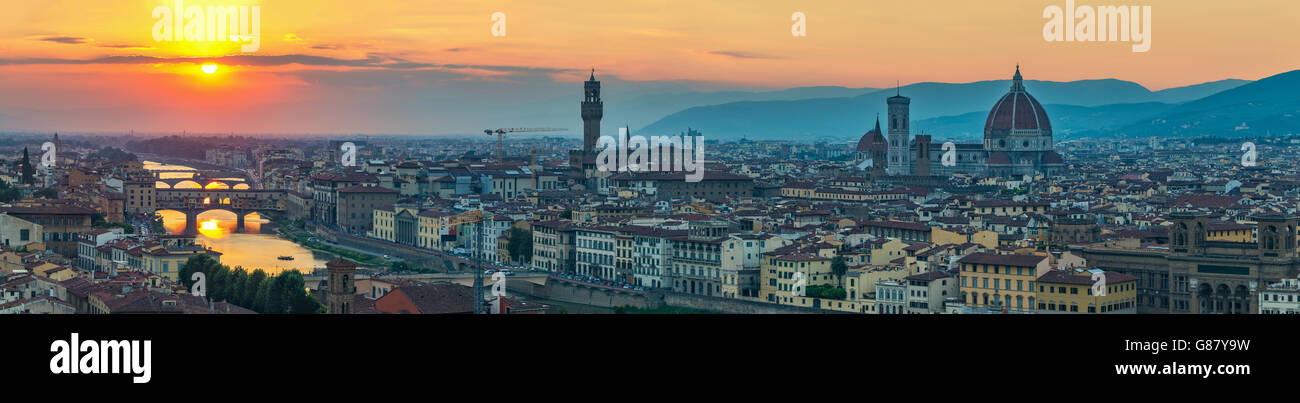 Panorama di Firenze dello skyline della città durante il tramonto, Italia Foto Stock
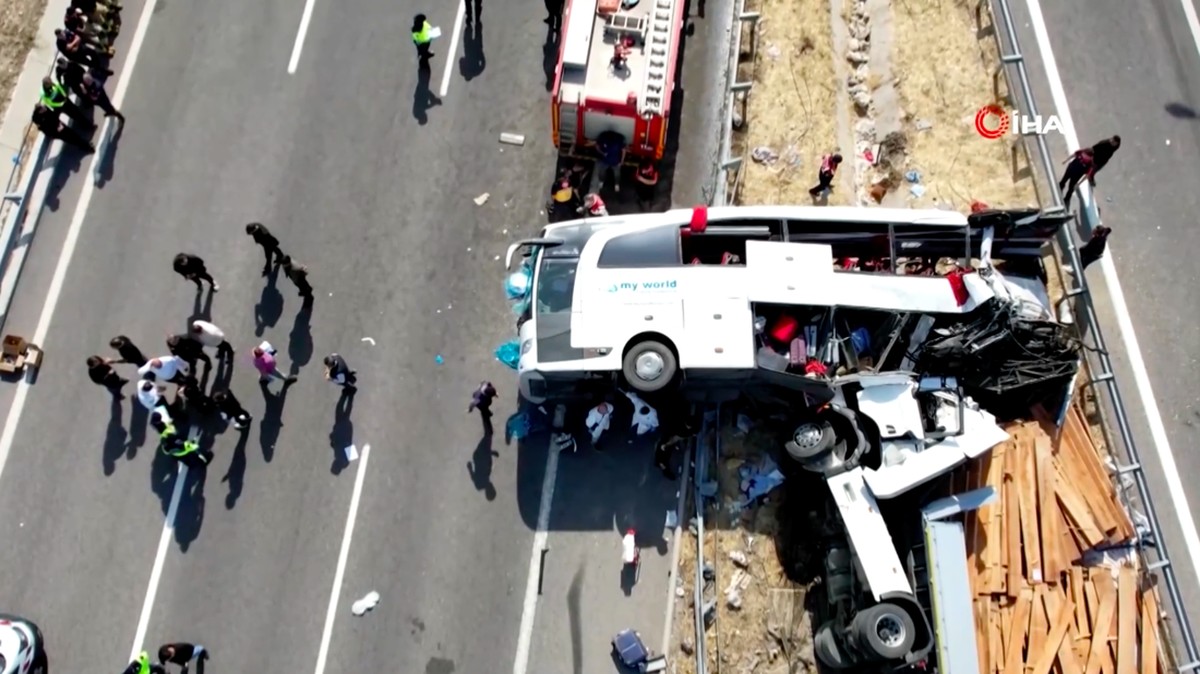 Potret Kecelakaan Maut Bus Terguling Usai Tabrak Truk, 11 Tewas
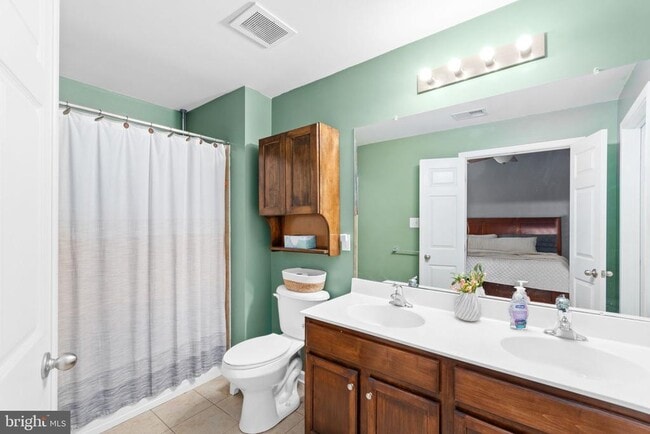 Building Photo - 449 Wistar Pl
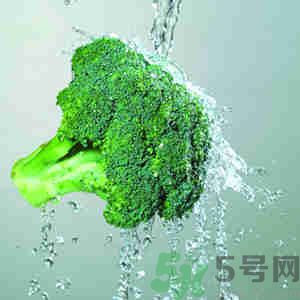 西藍(lán)花怎么才能洗干凈？西藍(lán)花要怎么切？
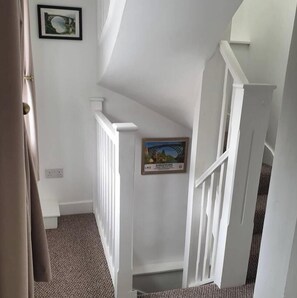 Interior - Quaint cottage high up in Ironbridge, beautiful view of the gorge from the rear. (Ironbridge)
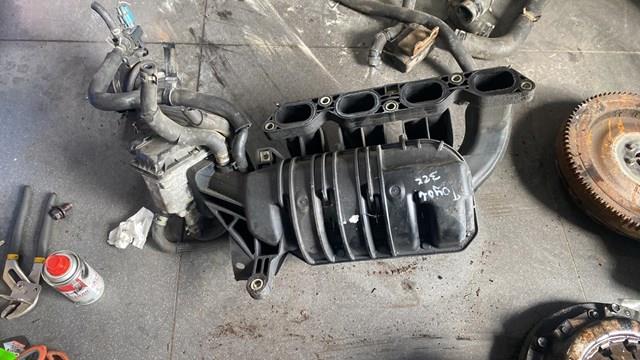 впускной коллектор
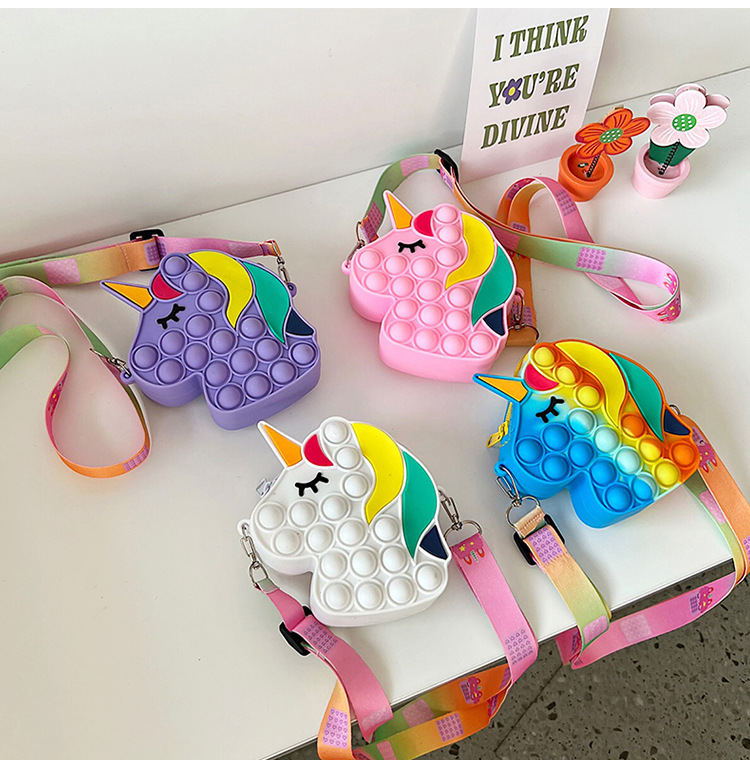 Cross-border new product: Unicorn Rat Extermination Pioneer Coin Purse, Cartoon Silicone coin Purse, mini crossbody bag, storage bag undefined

▸ **Work request**: Say again, exactly, only those lines of the records that run from the start through the line with "впускной коллектор". Pictures are to be skipped.

▸ **Written solution**:
 Panorama di Firenze dello skyline della città durante il tramonto, Italia Foto Stock
 Potret Kecelakaan Maut Bus Terguling Usai Tabrak Truk, 11 Tewas
 Building Photo - 449 Wistar Pl
 西藍(lán)花怎么才能洗干凈？西藍(lán)花要怎么切？
 Interior - Quaint cottage high up in Ironbridge, beautiful view of the gorge from the rear. (Ironbridge)
 впускной коллектор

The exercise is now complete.